INPUT.
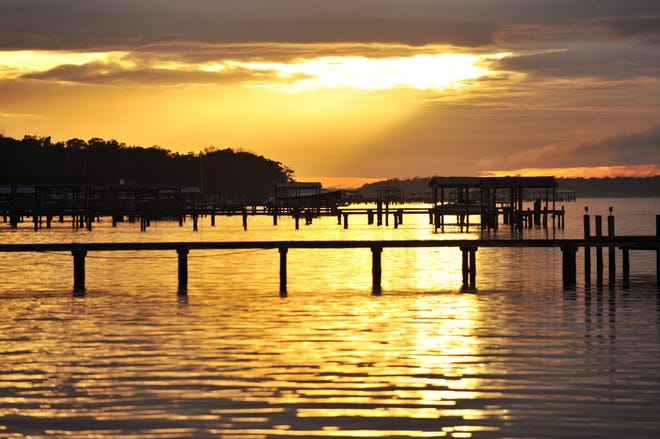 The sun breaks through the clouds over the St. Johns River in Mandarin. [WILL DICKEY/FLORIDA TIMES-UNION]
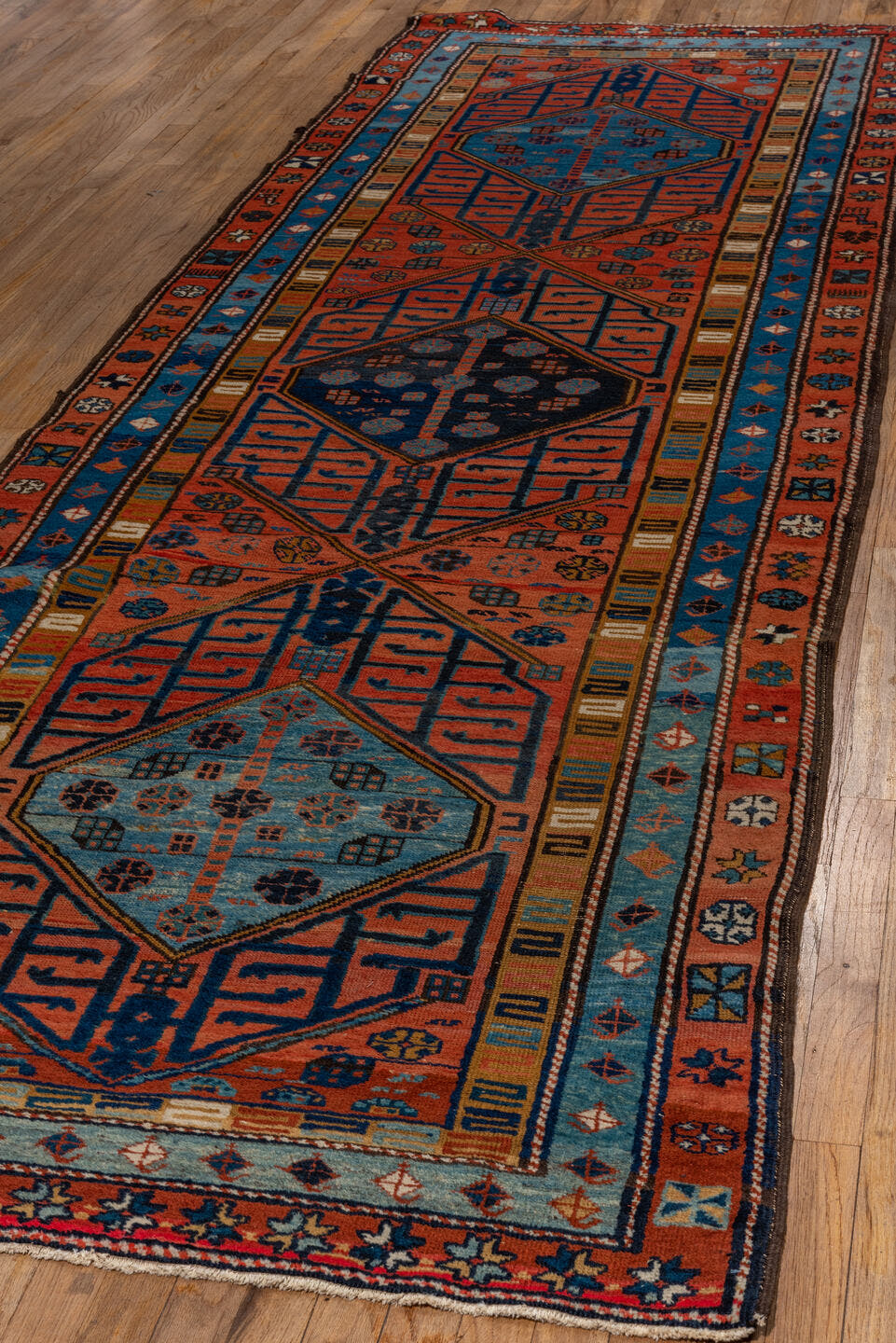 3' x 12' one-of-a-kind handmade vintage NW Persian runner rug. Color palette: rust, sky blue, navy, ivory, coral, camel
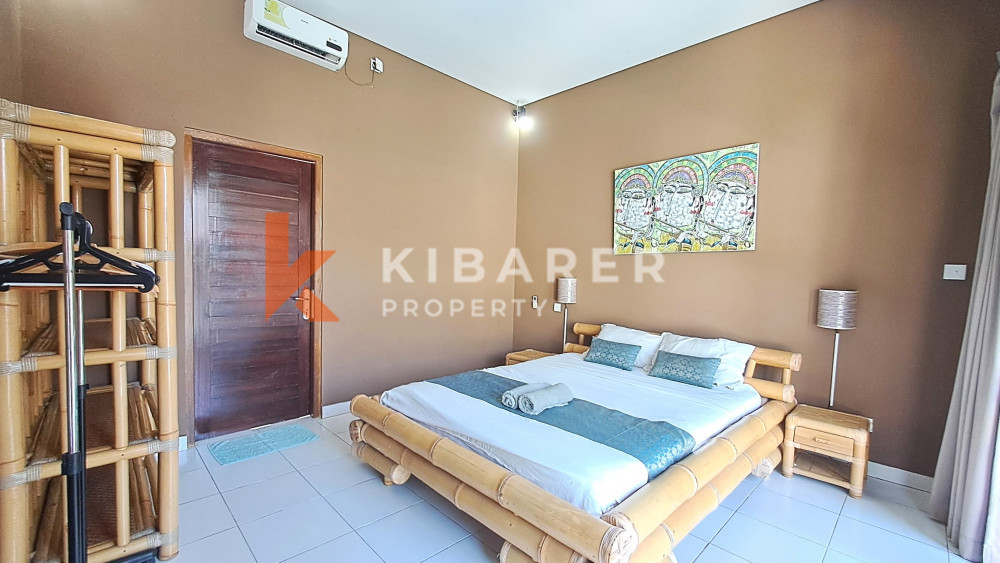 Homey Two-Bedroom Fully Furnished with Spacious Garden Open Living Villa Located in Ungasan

--

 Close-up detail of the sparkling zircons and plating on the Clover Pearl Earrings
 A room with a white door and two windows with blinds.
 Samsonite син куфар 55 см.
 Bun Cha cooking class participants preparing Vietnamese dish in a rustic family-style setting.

==

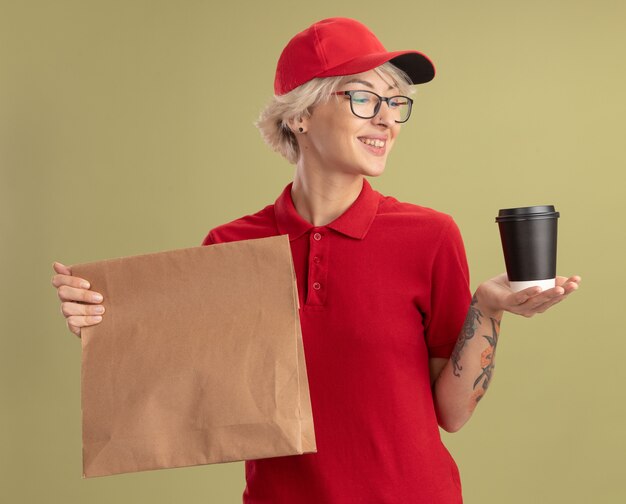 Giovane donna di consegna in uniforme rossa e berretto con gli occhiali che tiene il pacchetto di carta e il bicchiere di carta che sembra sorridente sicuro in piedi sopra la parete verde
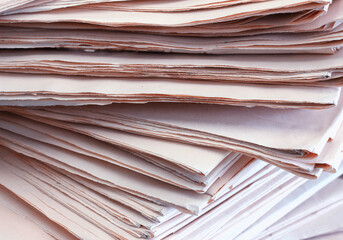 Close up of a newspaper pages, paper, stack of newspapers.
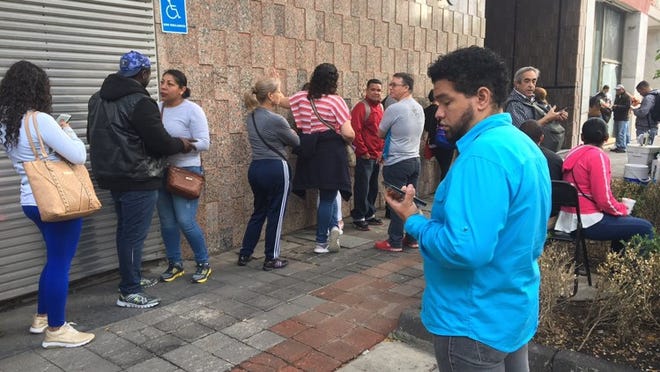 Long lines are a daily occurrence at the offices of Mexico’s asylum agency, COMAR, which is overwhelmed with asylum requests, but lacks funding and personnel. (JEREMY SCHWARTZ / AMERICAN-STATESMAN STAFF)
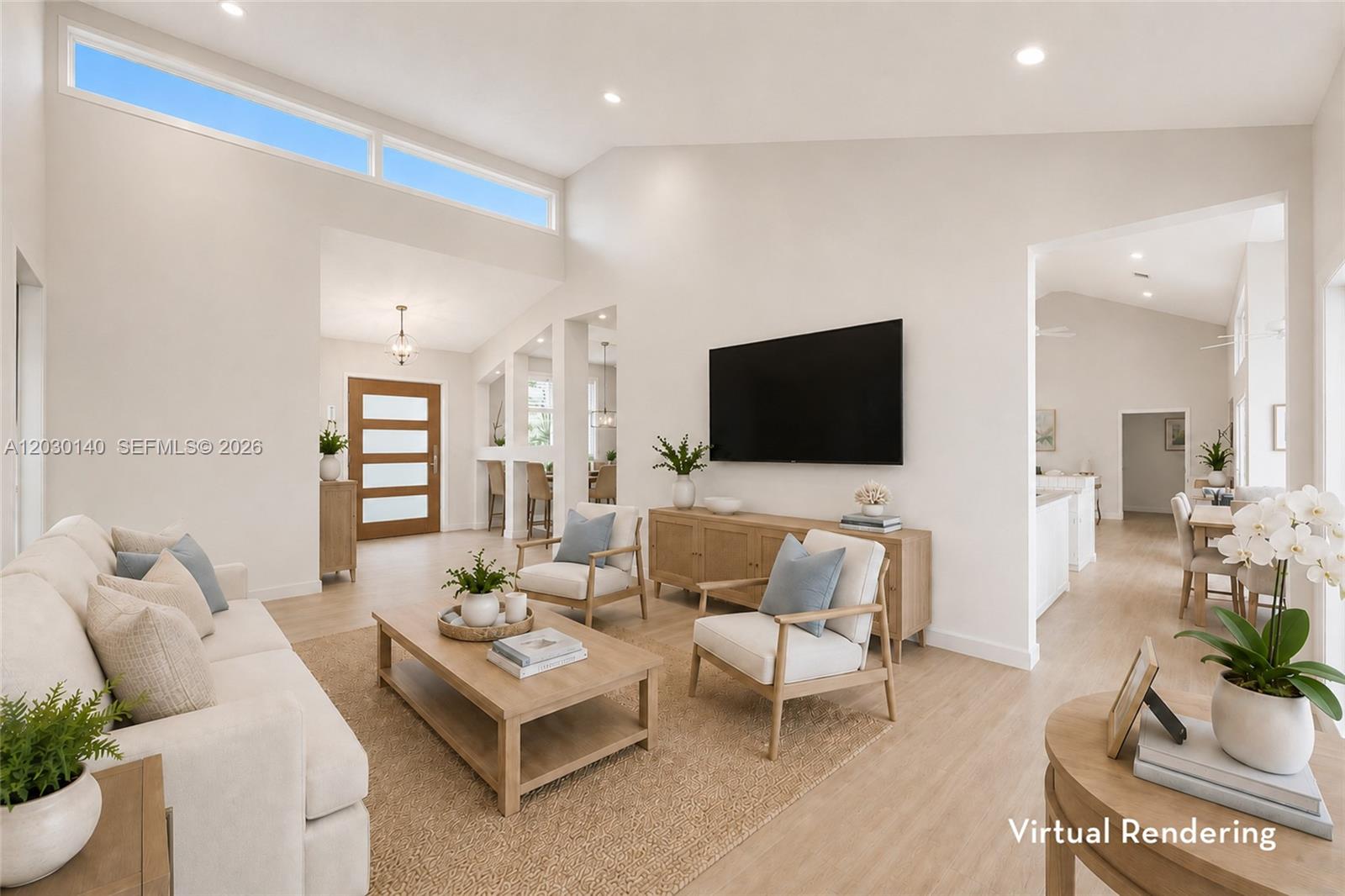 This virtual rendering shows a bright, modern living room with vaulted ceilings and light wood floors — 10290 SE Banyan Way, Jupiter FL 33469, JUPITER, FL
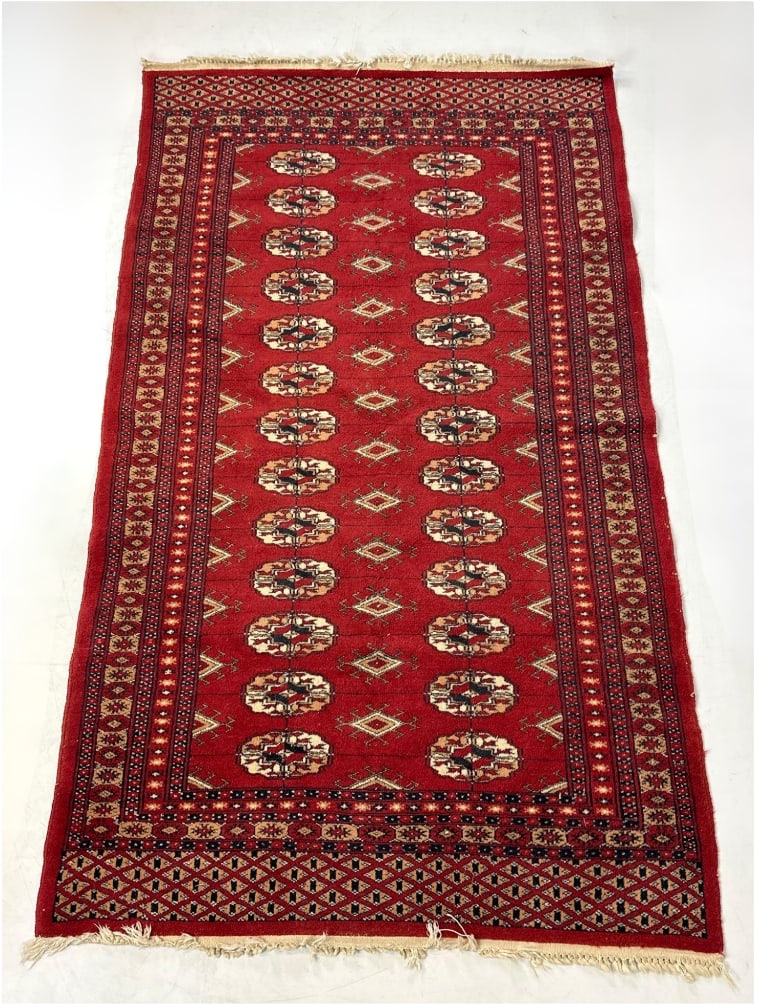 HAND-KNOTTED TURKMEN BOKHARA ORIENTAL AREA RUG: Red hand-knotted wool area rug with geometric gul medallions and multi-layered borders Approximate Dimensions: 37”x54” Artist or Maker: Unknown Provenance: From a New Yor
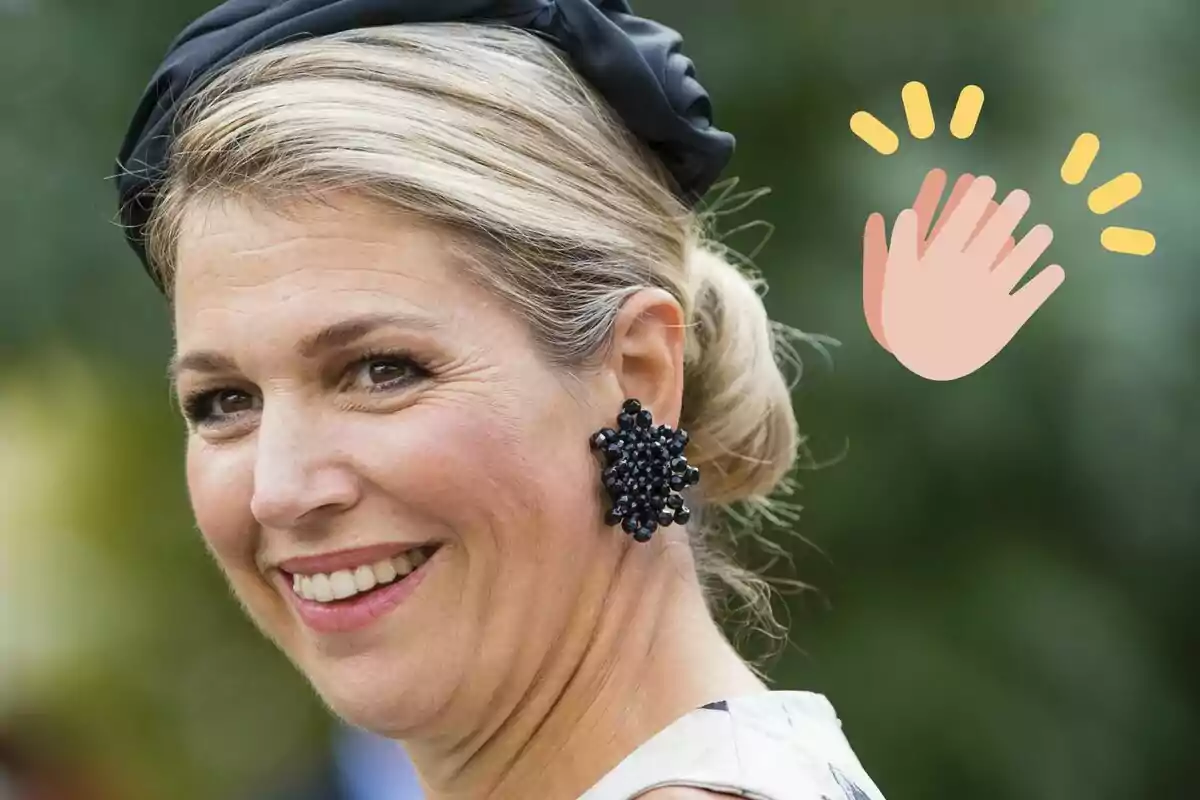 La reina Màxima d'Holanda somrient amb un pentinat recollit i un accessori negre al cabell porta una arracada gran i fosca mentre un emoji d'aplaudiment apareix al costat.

PROBLEM TO WORK ON.
What you return should be exactly the lines above, starting at the one with "Close-up detail of" and ending at the one with "Bun Cha cooking", and nothing else.

EXERCISE RESULT.
 Close-up detail of the sparkling zircons and plating on the Clover Pearl Earrings
 A room with a white door and two windows with blinds.
 Samsonite син куфар 55 см.
 Bun Cha cooking class participants preparing Vietnamese dish in a rustic family-style setting.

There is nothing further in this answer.